With all of these things in mind, here is my baker’s dozen.
Honorable Mention – Hill Street Blues – I only watched a few episodes of this pioneer drama but everyone knew at the time that this show was changing network television. It was gritty and realistic and proved that TV dramas could be more than cheesy and campy. I wish I could have seen more episodes.
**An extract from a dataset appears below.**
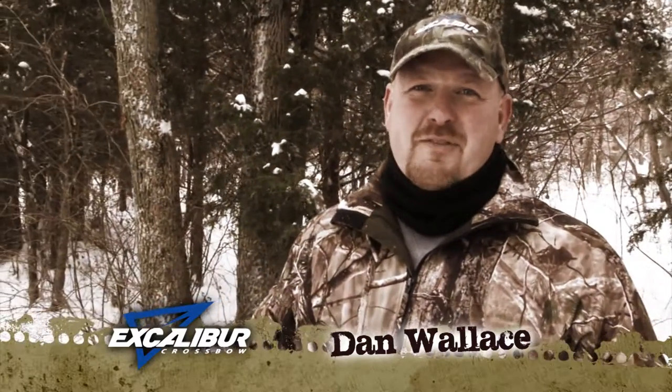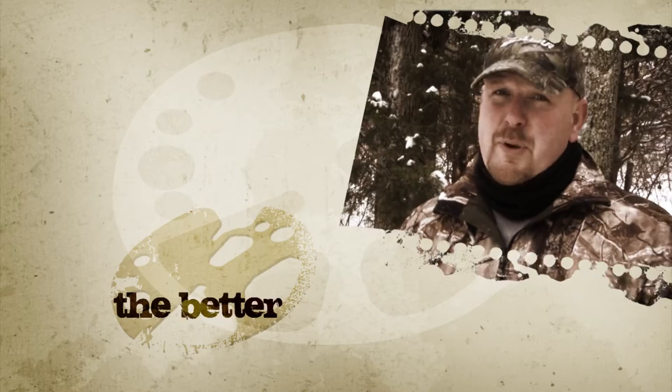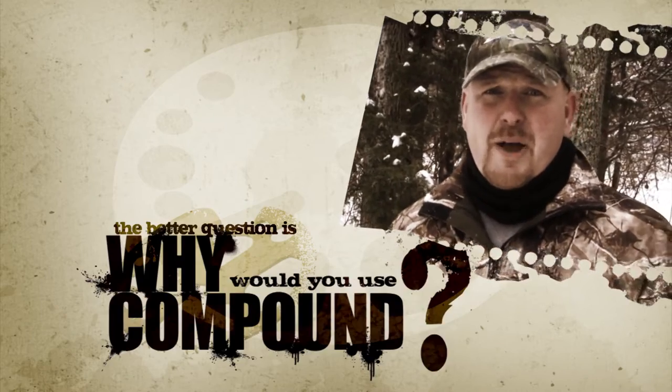Folks, I'm Dan Wallace and I make my living in the backwoods. People ask me, why do you use a recurve limb crossbow? The better question is, why would you use compound?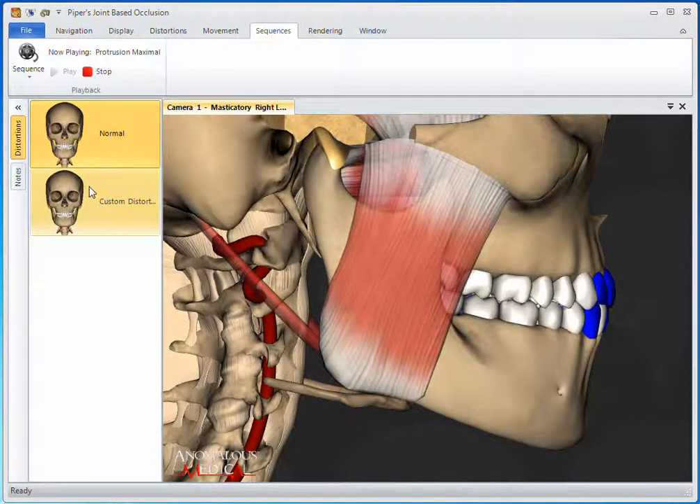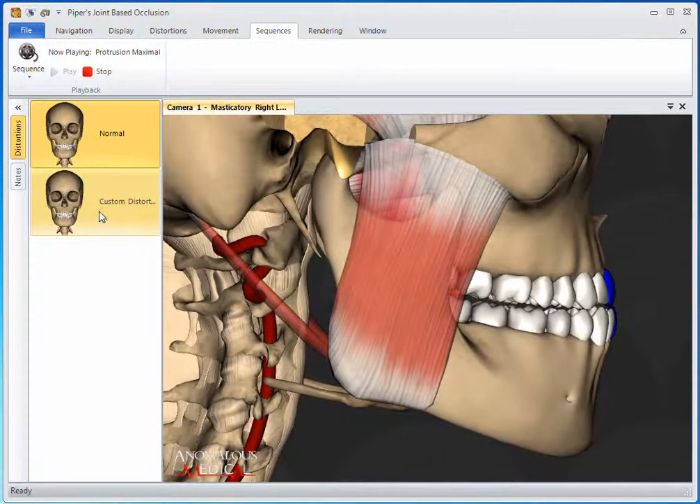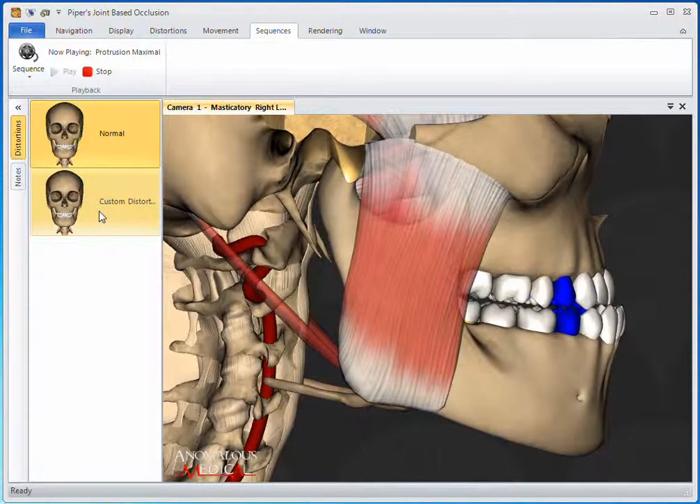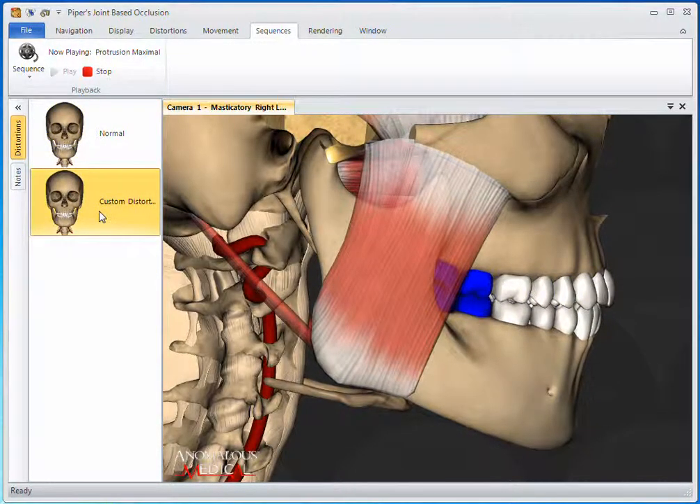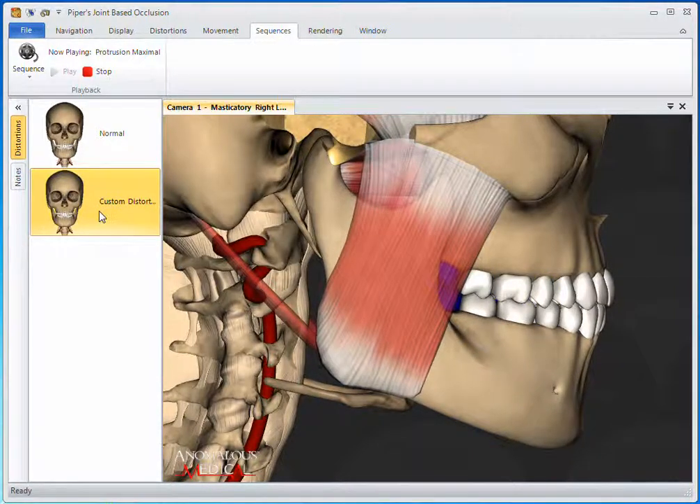If we apply a distortion, such as this one where the discs on both sides have been moved to 9 o'clock, we can see that the back teeth are now the main source of guiding during this sequence instead of the front.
13) Magnum, P.I. – One of the few shows in the 80s I hated to miss. Who couldn’t love the charming Thomas Magnum who lived for free in a Hawaiian mansion’s awesome guest house and got to drive a Ferrari? There was some camp value for sure, but there was also a lot of heart, fun, and action. A great locale, good cast chemistry, and a terrific hero played with aplomb by Tom Selleck made this one of my early favorites. Plus, who can forget the iconic theme song?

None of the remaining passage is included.